CAPTION: Keanu Reeves wonders if he stares at this sphere long enough, will this movie disappear?
The Day the Audience Shrugged Their Shoulders, 14 December 2008
Author: David H. Schleicher from New Jersey, USA
The Day the Earth Stood Still is a stunningly inept remake of the 1950’s classic of the same name. It’s one of those big-budget films so unfathomably dull and inane, you wonder how it ever got made. Whereas the original warned of the dangers of nuclear armament, this modern update boldly chides us for being mean to each other and not taking care of the environment. Gee, Hollywood, thanks for the swell insight! This Christmas season Hollywood teaches us that people can sometimes suck, but only that special kind of film can suck totally.
Although the entire production is horrible from top to bottom, the inert direction of Scott Derrickson and the randomly asinine script from David Scarpa bear most of the blame. The screenplay clearly went through arbitrary rewrites, perhaps after being focus-grouped to death, and shows not a single breath of imagination. Around every turn, it wastes opportunities and insults the intelligence of the audience and gives us not one authentic character or moment to connect to. Even when it thinks it’s being cool (like the lame reveal that those alien spheres are actually “arks” trying to save animal life before the world is annihilated) the script fails miserably. One sphere that is shown on the back of a pick-up truck being attacked by flame-throwers in some foreign desert town inexplicably contains squid, because, well, the shadows of squid inside a giant sphere look kinda neat, that’s why! At least the script teaches us one thing. Apparently all you need to do in order to survive an apocalyptic robotic alien insect attack that devours everything in sight is to hide under a bridge in Central Park!
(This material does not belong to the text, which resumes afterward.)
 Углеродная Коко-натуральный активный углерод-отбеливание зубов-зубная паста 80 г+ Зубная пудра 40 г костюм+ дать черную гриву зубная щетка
The saddest part of the film is how the director wastes his talented cast. The always wooden Keanu Reeves was perfectly chosen to play the alien Klaatu, but even he seems to be disbelieving the words that are coming out of his mouth. Poor Jennifer Connelly, an immensely emotive and alluring actress, appears to be in physical pain or constipated for most the film, obviously stunned she agreed to star in this junk. Kathy Bates and John Cleese apparently showed up only for their paychecks and sleepwalk through their lines, and at one pivotal moment where Bates’ Secretary of State attempts to show regret for some bad decisions made, she actually appears to fall asleep in her chair. And then there’s poor little Jaden Smith, who appears bored to tears throughout the film and is given no direction from Derrickson except when he is asked to cry on cue in the supposed emotional climax of the picture that left me feeling sorry for all involved.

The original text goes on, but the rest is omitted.